La cultura di internet mostra chiari segni di crisi. Come ha scritto Julia Kristeva, «non c’è nulla di più triste di un dio morto». Il senso di novità è svanito e ha lasciato il vuoto dietro e davanti a sé. A differenza della nostalgia degli anni Novanta, spiega Geert Lovink, teorico dei media e della rete, fondatore dell’Institute of Network Cultures, «qui gli anni felici della gioventù non ci sono mai stati: siamo passati direttamente dall’infanzia al matrimonio, con tutte le limitazioni che ciò comporta». Chi ha più il coraggio di parlare di “nuovi” media? Quest’espressione, un tempo tanto promettente, ormai viene usata solo da qualche ingenuo neofita». Eppure c’è ancora tutto da capire.

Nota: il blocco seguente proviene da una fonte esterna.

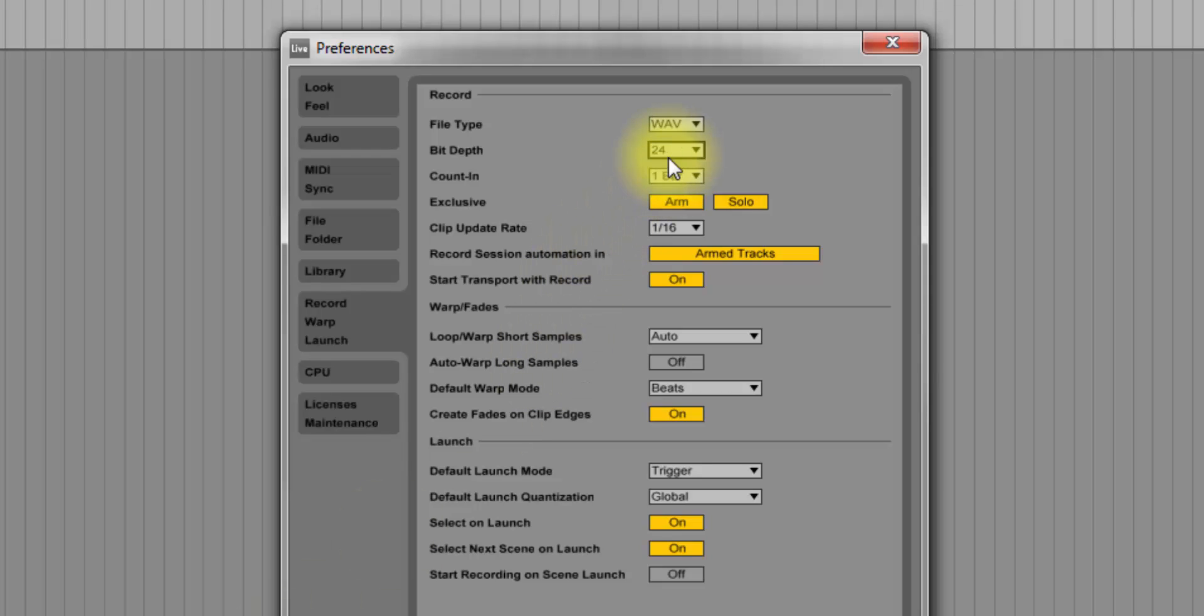So I suggest recording at 24-bit. Some people do 16, which is CD quality. I'd rather go for 24-bit as it gives that headroom.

Geert Lovink parte proprio da questo nodo irrisolto nel suo ultimo libro, Nichilismo digitale (Egea, 2019), per rilanciare la sfida di nuove alternative. Lo abbiamo incontrato.
* * * *
Il titolo inglese del suo ultimo libro è Sad by design e ci rimanda a una dimensione “ingegneristica” della tristezza.
Non vendo tristezza. Se sei felice, tanto meglio. Come sapete, i telefoni sono una parte intima della nostra vita. Ci accompagnano 24 ore su 24, 7 giorni su 7. L’uso a lungo termine dei social media, specialmente da parte dei “nativi digitali” che si identificano con la tecnologia, richiede un investimento emotivo che può essere estenuante. Diventa difficile, se non impossibile, dimenticare il telefono.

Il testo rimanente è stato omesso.